About the Contributors
Tim Soderberg teaches Organic and Bioorganic Chemistry at UMM, as well as General Chemistry labs. He received a B.A. in English from Amherst College in 1987, and a California teaching credential from San Francisco State University in 1989. After teaching English as a Second Language in Tokyo, Japan for about five years, he returned to the United States and enrolled at Sonoma State University where he completed all of the undergraduate Chemistry, Calculus, and Physics courses necessary to enter a graduate Chemistry program.
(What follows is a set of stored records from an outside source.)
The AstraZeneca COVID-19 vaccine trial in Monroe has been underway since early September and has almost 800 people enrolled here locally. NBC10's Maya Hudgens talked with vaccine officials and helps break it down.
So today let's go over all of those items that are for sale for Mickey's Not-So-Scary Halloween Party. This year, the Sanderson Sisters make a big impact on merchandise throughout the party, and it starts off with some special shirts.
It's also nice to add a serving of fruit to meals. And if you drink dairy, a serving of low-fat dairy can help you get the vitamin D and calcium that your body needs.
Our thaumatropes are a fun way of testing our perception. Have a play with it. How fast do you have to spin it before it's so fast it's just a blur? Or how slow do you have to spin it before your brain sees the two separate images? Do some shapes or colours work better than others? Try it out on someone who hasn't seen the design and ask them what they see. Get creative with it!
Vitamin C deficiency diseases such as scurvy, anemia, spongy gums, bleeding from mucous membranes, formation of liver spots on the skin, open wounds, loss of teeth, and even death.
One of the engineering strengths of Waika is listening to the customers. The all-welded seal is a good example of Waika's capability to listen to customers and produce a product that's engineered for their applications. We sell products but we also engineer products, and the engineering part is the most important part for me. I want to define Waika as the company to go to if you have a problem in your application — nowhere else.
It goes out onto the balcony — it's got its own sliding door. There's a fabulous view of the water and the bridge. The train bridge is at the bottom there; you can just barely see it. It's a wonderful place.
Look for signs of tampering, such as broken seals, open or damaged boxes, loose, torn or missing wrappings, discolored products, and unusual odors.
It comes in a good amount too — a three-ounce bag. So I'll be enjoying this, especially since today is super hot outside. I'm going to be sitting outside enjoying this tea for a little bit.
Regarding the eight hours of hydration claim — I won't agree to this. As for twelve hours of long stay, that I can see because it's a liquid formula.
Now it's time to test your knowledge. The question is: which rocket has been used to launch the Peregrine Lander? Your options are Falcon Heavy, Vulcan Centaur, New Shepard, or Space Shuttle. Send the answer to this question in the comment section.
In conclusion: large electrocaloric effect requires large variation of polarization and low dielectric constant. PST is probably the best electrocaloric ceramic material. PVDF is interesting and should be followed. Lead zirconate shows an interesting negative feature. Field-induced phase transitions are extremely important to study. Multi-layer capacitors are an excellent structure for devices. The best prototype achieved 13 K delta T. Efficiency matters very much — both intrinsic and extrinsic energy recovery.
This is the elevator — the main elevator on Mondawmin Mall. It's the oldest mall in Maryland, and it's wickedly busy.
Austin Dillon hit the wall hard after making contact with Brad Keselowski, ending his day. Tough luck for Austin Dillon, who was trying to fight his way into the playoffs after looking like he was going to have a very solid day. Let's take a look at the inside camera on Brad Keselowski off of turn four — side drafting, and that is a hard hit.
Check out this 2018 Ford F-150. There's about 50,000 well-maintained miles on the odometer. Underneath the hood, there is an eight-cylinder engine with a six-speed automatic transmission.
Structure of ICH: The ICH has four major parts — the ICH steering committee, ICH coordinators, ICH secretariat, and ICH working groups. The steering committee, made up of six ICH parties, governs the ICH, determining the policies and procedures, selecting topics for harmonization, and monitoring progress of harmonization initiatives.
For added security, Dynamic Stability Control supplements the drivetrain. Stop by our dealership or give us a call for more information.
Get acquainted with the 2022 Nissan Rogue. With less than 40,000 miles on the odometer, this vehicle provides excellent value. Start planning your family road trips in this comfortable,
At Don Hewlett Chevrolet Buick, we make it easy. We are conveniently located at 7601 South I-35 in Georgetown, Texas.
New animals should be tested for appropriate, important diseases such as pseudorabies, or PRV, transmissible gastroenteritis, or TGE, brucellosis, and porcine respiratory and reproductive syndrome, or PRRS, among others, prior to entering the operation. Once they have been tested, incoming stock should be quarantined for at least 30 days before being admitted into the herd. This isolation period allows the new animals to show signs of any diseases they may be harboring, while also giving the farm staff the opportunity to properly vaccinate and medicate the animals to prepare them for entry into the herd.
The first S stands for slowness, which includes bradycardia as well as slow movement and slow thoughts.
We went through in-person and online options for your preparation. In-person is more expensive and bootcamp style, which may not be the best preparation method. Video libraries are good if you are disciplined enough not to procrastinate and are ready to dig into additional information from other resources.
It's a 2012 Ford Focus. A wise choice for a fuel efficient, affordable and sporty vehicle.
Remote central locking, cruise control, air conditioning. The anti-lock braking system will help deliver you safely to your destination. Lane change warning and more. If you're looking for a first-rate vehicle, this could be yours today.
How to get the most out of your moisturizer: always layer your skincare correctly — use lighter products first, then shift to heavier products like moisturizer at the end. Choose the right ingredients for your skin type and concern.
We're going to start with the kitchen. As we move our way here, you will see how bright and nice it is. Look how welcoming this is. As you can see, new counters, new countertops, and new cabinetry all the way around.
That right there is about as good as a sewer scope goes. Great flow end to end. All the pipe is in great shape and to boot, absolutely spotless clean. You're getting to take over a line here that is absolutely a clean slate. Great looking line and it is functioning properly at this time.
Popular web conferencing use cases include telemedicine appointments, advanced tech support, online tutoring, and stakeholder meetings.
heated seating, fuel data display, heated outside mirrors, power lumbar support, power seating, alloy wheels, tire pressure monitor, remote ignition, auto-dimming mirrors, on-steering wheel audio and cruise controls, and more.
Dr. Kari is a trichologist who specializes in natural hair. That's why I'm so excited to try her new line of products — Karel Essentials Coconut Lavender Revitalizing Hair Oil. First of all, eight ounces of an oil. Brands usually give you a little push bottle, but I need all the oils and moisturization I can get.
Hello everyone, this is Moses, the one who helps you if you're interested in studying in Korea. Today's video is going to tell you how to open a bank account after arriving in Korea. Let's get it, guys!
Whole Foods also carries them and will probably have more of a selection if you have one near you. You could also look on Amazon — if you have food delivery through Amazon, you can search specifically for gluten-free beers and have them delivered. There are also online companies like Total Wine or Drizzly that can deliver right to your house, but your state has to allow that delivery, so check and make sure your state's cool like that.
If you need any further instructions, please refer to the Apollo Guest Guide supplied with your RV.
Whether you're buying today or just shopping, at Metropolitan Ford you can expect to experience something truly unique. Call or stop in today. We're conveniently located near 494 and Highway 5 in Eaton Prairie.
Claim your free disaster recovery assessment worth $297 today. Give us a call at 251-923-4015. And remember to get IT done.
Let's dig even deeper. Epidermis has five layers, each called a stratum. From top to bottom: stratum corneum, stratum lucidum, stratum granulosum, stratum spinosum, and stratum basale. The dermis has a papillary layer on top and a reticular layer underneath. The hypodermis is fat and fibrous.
He came to UMM in the Fall of 2000 after receiving his Ph.D. in Biological Chemistry from the University of Utah under the direction of Professor C. Dale Poulter. His graduate research focused on the enzymology of two prenyltransferase enzymes: one that modifies tRNA, and one that is involved in the early biosynthesis of ether-linked membrane lipids in archaea. His research at UMM focused on characterization of enzymes in the pentose phosphate pathway in Archaea.